A more complex example might look like the following:

<meta http-equiv="Content-Security-Policy" 
content="default-src 'self'; img-src *; media-src example.org example.net; script-src userscripts.example.com">

In this example, the browser is give much more detail on my policy:

  • Content must come from the site's own origin
  • Images can come from any source
  • Media like audio and video, embedded via HTML's audio and video tags, must be served from the website's origin, with the exception of the allowed domains listed for media-src
  • Scripts must be served from the website's origin, with the exception of the domain listed for script-src

Once you know what different directives are available, it's pretty easy to put together a policy that fits your own website or app's needs.
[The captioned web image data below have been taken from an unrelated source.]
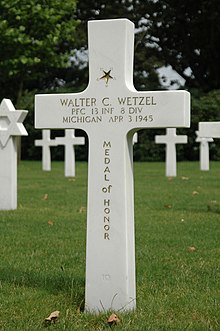 Walter Wetzel grave.jpg 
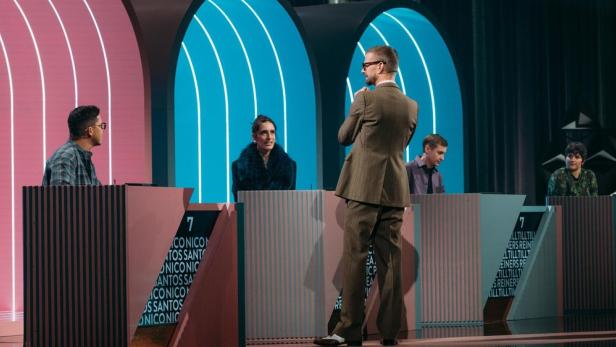 Joko Winterscheidt steht vor seinen Herausforderern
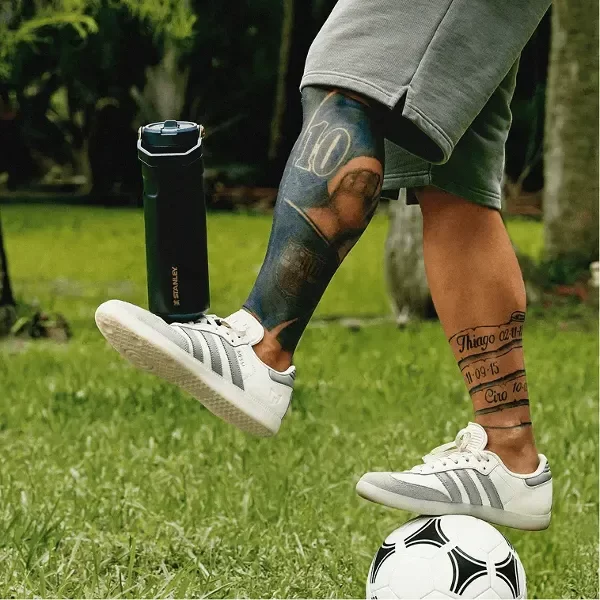 Producto - Botella Stanley x Messi Coleccion starflip aerolight 710ml - 10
Of course, simply adding a meta tag like one of the above to any website can have unexpected effects. Usefully, you can use the following CSP example to test out a policy without it actually taking effect on the page:

<meta http-equiv="Content-Security-Policy-Report-Only" 
content="default-src 'self'; img-src https://*; child-src 'none';">

Note the addition of "-Report-Only" to the end of the http-equiv value. This allows you to experiment with different policies without actually enforcing them on the page. So, for example, if you forgot that your website serves images from a CDN that's not on your domain, this "report only" version of the meta tag would catch that before it actually broke your pages.

As I mentioned, this is an extensive topic that's hard to do justice in a brief intro like this, but I thought I'd cover a few examples here just to give you a taste of what's possible.

Now on to this week's tools!
 

JavaScript Libraries and Frameworks

Fastify DX
A collection of @fastify/vite renderers, allowing you to serve static or live (SSR) Vue and React applications.

Piral
A framework for next generation portal applications that allows you to build web apps that follow the microfrontends architecture.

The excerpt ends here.